The decision between a fixed-rate and variable-rate mortgage is crucial in the current climate. While the temptation might be to revert to the lender’s Standard Variable Rate (SVR) after a fixed-term deal ends, this is often the most expensive option. SVRs typically carry significantly higher interest rates than fixed deals, potentially negating any savings from future rate drops. A tracker mortgage, which fluctuates with the Bank of England base rate, can be a more cost-effective alternative, especially for those who anticipate interest rates stabilizing or declining. However, trackers carry an element of risk, as rates could rise further. Fixed-rate mortgages offer stability and predictability, shielding borrowers from future rate hikes, but can be less flexible and may mean missing out on potential savings if rates fall. The best choice depends on individual circumstances and risk tolerance.
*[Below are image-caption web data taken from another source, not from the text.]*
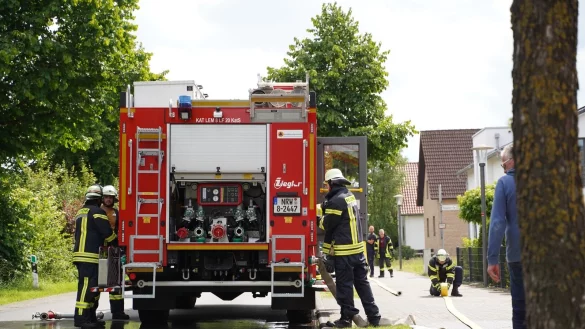 Die Feuerwehr ist am Donnerstagnachmittag zu einem Brand nach Wahmbeckerheide ausger&uuml;ckt. - &copy; Freitag TV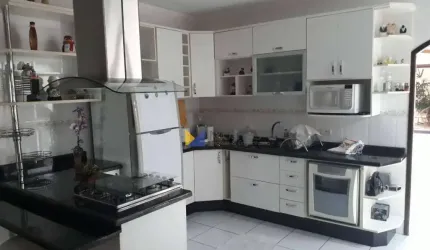 Sobrado à venda no Jardim Vila Galvão, 226m², 3 dormitórios, sendo 1 suíte, R$680.000,00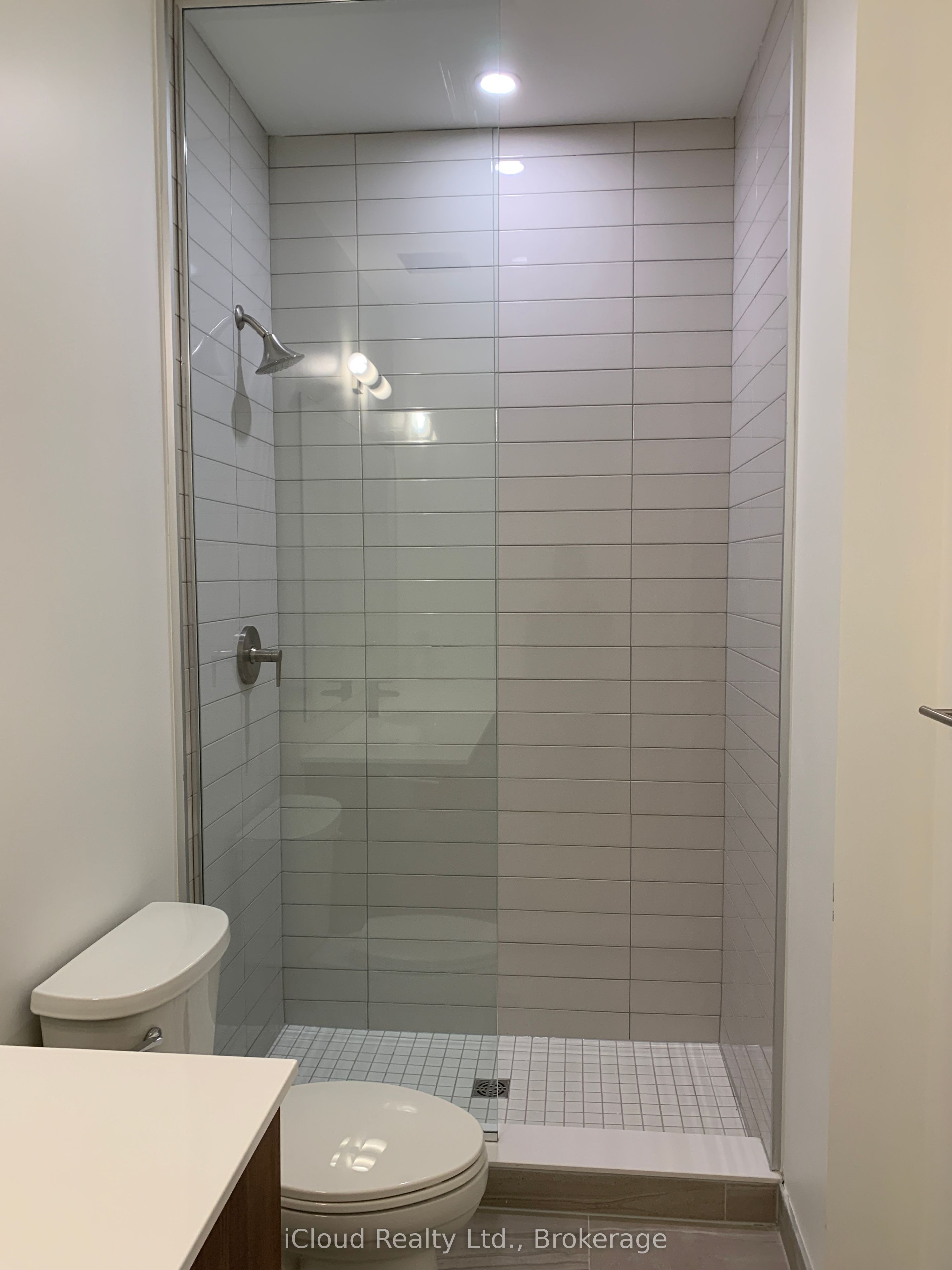 15 Wellington Street S 211 Property Photo 15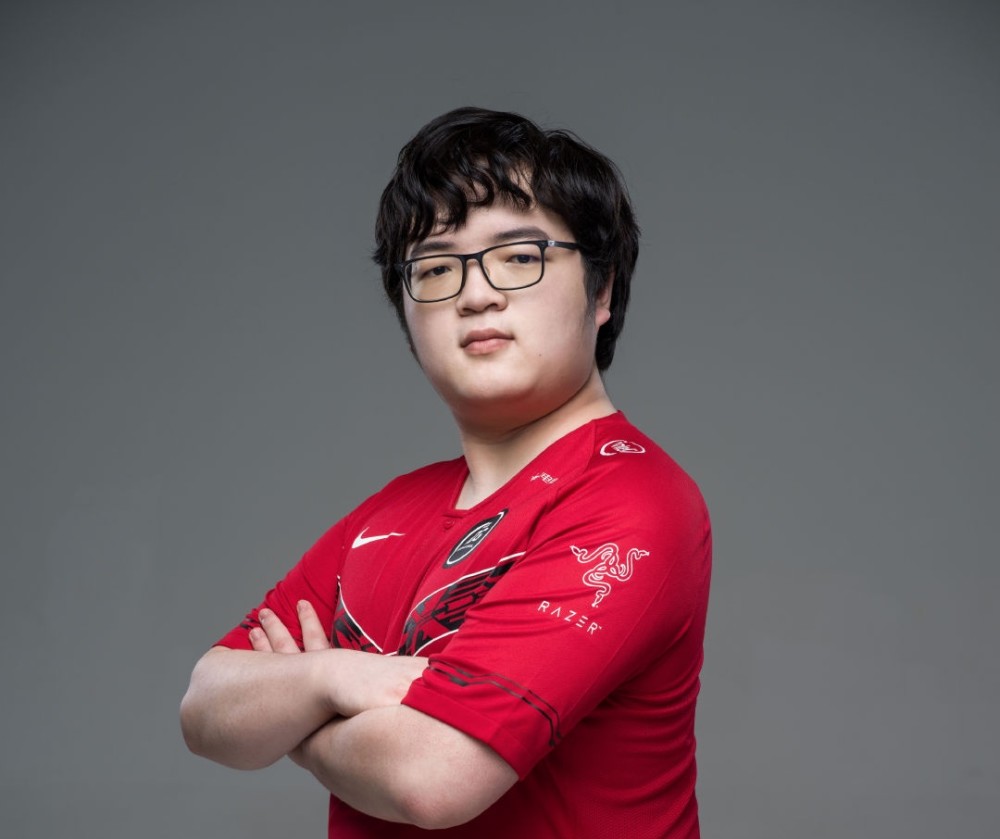 EDG险胜FLY，Keria团战一打五强强对话小组赛，技惊四座的简单介绍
Overpaying on a mortgage can be a strategic move for those with spare cash, especially if currently on a low fixed-rate deal and anticipating higher rates upon remortgaging. Overpayments reduce the principal balance, leading to lower interest accrual over the loan term. While a lump-sum overpayment can significantly lower future monthly repayments, it’s vital to maintain a financial safety net for unexpected expenses. Most lenders allow overpayments of up to 10% of the outstanding balance annually without penalty.
Prospective homebuyers face additional challenges in this rising interest rate environment. Lenders may be less willing to offer large loans, and affordability assessments will be stricter, considering the potential for further rate increases. This means buyers may not be able to borrow as much as they could have previously. Open communication with lenders is crucial to understand the implications for borrowing capacity.
First-time buyers face a particularly complex situation. While some areas are experiencing easing house prices and low-deposit mortgage schemes are available, the upcoming changes to stamp duty thresholds will impact those purchasing properties above £300,000. From April 2024, first-time buyers will no longer benefit from zero stamp duty on properties between £300,000 and £425,000, facing a 5% rate on this portion. Navigating these changes requires careful budgeting and understanding the available schemes and low-deposit mortgages. Expert advice from a mortgage broker can be invaluable in finding the best deals and navigating the market.
Beyond mortgages, consumers are also facing challenges with telecommunications providers. Ofcom is proposing a reduction in the time it takes to escalate complaints to the ombudsman, from eight weeks to six. This aims to provide quicker resolution and compensation for customers experiencing service issues. The proposal is currently under consultation, with a final decision expected by the end of summer 2024. Consumers should first attempt to resolve issues directly with their provider before escalating to the ombudsman. In separate consumer news, mattress brand Emma Sleep is facing criticism for delivery delays, missing orders, and poor customer service. Customers are advised to explore chargeback options with their banks or credit card providers if they have not received their orders and paid by card, citing a breach of contract under the Consumer Rights Act 2015.